## Data shown
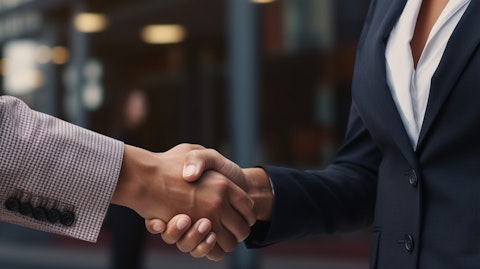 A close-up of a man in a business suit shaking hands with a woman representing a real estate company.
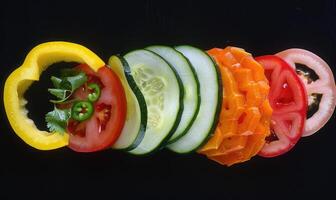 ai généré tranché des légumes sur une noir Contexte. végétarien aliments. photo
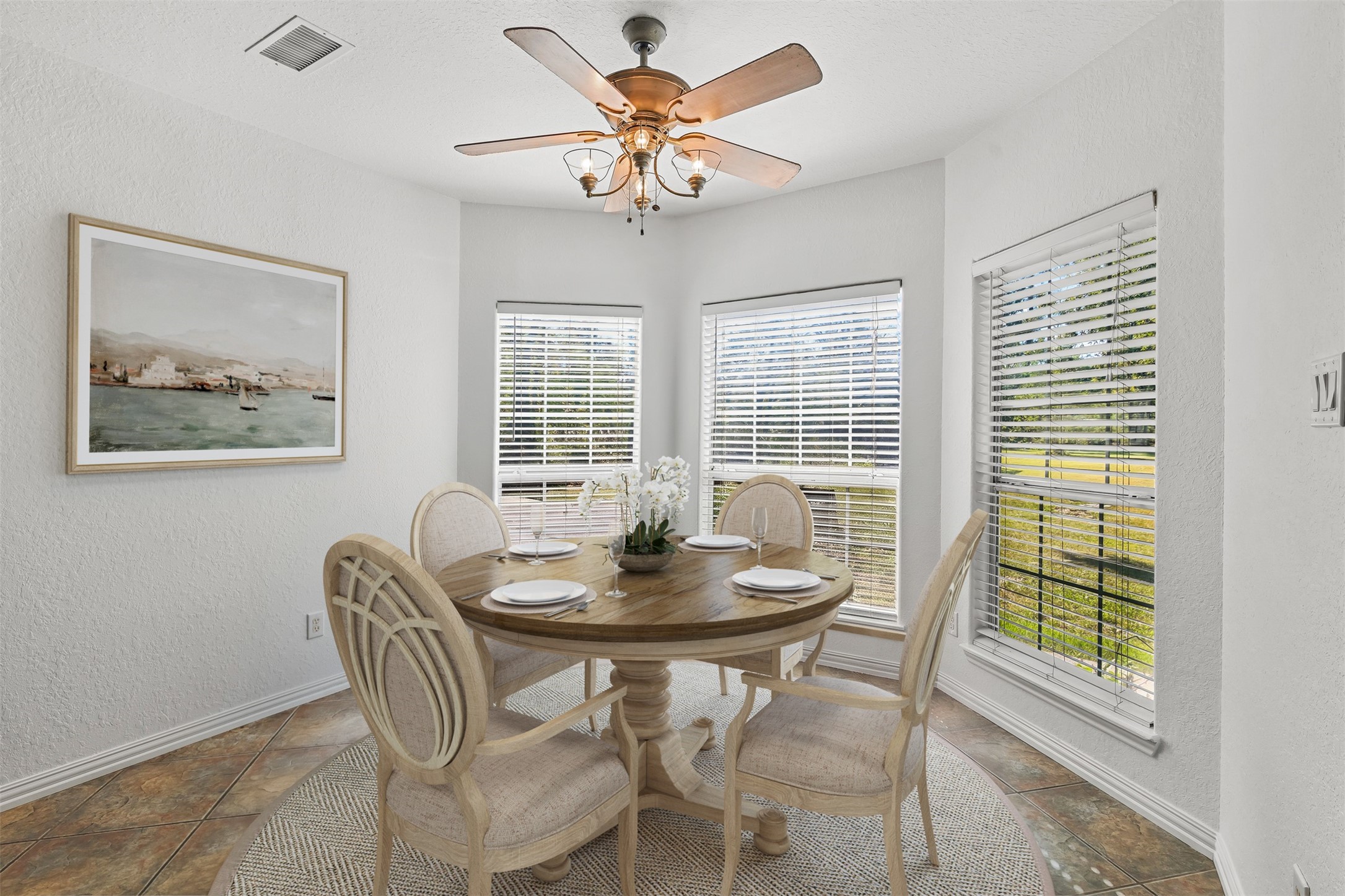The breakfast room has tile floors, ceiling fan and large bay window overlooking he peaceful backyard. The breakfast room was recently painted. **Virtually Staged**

## What is required
Omit the pictures, then set down all the remaining data exactly as given.

## Written response
 A close-up of a man in a business suit shaking hands with a woman representing a real estate company.
 ai généré tranché des légumes sur une noir Contexte. végétarien aliments. photo
The breakfast room has tile floors, ceiling fan and large bay window overlooking he peaceful backyard. The breakfast room was recently painted. **Virtually Staged**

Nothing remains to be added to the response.